Il y a celle qui, par contre, considère que la France perd son rang en se plaçant dans le sillage américain, qu’elle se déclasse en tant que grande puissance et qu’elle ferait mieux de jouer sa propre partition. Il faut donc éviter de trop bousculer la société, voire appliquer une ligne conservatrice pour figer la société au maximum, pour qu’elle fasse bloc afin de la mobiliser de manière nationaliste. Dans cette optique, la Russie fait office d’allié incontournable, de par son idéologie conservatrice révolutionnaire, sa concurrence avec la superpuissance américaine, son absence de concurrence directe avec la France dans la plupart des cas.
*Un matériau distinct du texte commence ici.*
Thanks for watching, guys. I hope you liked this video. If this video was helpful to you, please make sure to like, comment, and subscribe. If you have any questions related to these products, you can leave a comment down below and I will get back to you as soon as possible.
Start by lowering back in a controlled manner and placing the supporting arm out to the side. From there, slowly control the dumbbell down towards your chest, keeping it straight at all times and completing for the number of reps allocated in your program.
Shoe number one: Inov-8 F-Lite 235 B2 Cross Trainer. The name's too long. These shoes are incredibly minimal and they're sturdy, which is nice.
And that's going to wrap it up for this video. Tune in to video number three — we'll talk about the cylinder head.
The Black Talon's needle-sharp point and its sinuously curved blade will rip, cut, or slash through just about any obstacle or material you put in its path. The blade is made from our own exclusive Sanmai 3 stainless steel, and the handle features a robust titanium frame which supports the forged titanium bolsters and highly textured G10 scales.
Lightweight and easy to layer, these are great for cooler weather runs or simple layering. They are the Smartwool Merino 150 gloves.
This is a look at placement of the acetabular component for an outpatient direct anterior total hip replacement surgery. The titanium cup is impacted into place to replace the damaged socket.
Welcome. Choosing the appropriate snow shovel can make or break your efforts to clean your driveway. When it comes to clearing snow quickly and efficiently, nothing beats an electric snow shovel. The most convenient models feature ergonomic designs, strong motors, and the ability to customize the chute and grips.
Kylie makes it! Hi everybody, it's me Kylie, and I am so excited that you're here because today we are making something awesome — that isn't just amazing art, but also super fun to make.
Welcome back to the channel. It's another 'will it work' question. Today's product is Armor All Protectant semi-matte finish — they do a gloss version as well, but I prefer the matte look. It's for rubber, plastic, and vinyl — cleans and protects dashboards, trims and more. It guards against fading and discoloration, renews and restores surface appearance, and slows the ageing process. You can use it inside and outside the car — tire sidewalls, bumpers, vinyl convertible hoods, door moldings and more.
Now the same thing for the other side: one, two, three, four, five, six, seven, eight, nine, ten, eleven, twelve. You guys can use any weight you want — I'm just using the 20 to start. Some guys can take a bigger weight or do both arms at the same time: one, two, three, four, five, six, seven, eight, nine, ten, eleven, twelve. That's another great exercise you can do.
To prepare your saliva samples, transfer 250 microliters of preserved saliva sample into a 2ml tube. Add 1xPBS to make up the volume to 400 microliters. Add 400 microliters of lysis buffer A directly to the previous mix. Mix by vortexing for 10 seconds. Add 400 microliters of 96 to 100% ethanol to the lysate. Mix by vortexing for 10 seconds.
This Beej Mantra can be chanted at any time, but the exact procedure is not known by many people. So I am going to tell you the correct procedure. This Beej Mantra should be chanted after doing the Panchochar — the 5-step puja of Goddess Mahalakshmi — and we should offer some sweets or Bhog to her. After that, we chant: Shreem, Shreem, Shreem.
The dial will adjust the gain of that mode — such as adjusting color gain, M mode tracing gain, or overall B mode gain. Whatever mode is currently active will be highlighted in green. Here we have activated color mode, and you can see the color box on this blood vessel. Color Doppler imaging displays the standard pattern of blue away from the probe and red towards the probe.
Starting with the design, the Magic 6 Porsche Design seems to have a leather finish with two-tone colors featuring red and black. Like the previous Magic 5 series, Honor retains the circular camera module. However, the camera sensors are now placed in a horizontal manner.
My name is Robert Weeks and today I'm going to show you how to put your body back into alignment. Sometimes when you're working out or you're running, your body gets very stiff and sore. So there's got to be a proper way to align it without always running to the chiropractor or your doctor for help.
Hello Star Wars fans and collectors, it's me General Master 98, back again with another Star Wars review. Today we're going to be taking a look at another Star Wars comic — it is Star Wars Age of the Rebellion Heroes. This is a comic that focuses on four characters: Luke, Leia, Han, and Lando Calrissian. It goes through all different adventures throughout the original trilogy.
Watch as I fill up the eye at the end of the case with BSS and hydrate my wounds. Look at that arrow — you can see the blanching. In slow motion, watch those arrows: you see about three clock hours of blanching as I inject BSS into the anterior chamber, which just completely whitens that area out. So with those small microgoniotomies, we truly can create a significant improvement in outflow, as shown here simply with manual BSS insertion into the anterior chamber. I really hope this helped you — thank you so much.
C’était la ligne de François Fillon, avant qu’il se fasse descendre politiquement par le Canard enchaîné au moment des présidentielles de 2017, permettant au candidat tombé du ciel (car choisi par la haute bourgeoisie de la première faction), Emmanuel Macron, de triompher. François Fillon est désormais administrateur indépendant de Sibur, géant russe de la pétrochimie, et représentant de la Fédération de Russie au Conseil d’administration du groupe pétrolier public Zaroubejneft.
C’était également la ligne de Marine Le Pen, dont le parti avait obtenu un prêt de la Russie, ou encore de Jean-Luc Mélenchon voyant comme la gauche du PCF une dimension « anti-impérialiste » dans la Russie.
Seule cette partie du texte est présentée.